Collected material: Begin
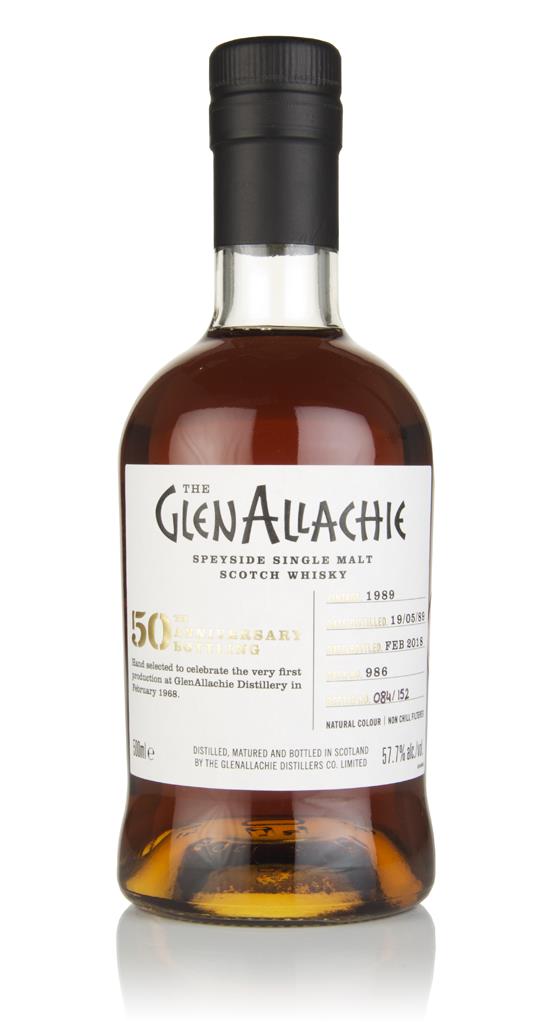 GlenAllachie 28 Year Old 1989 (cask 986) - 50th Anniversary Bottling Single Malt Whisky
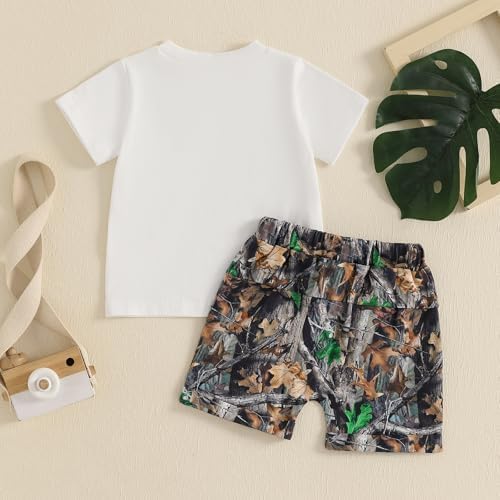 Sturdy Camo Set for Little hunters Gaono Toddler Baby Outfit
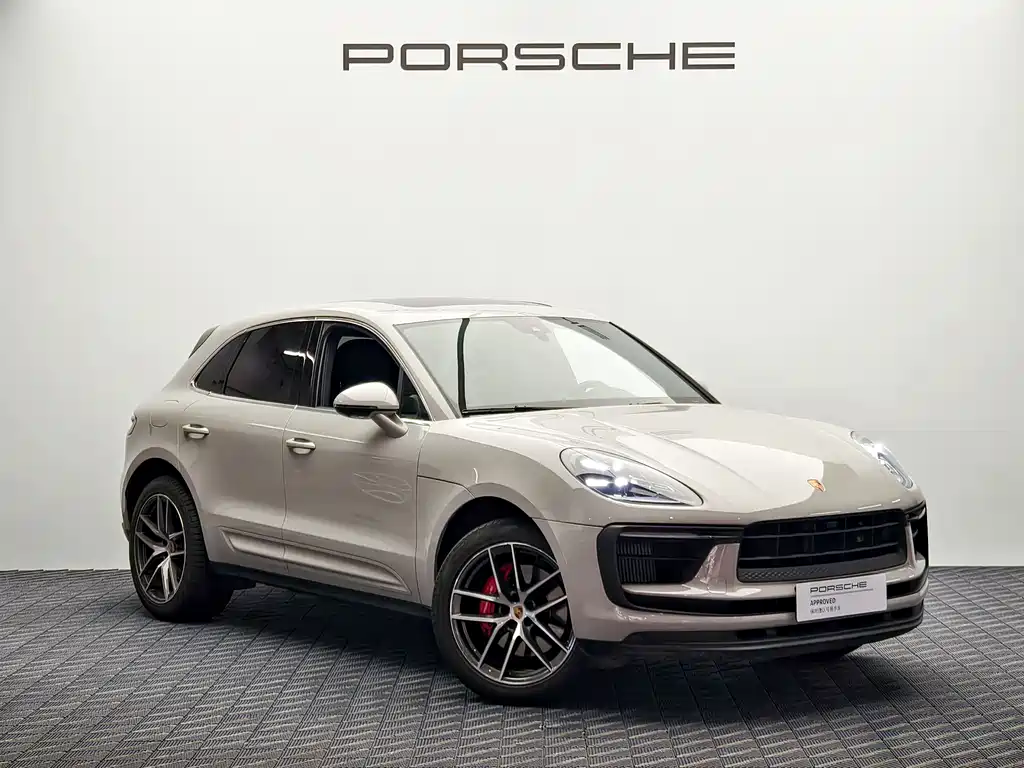 Porsche Macan 2022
Collected material: End
## Directions for this task:
Without any pictures, restate word for word only the lines from the one with "Sturdy Camo Set" through the end of the listing.

## Output for this exercise:
 Sturdy Camo Set for Little hunters Gaono Toddler Baby Outfit
 Porsche Macan 2022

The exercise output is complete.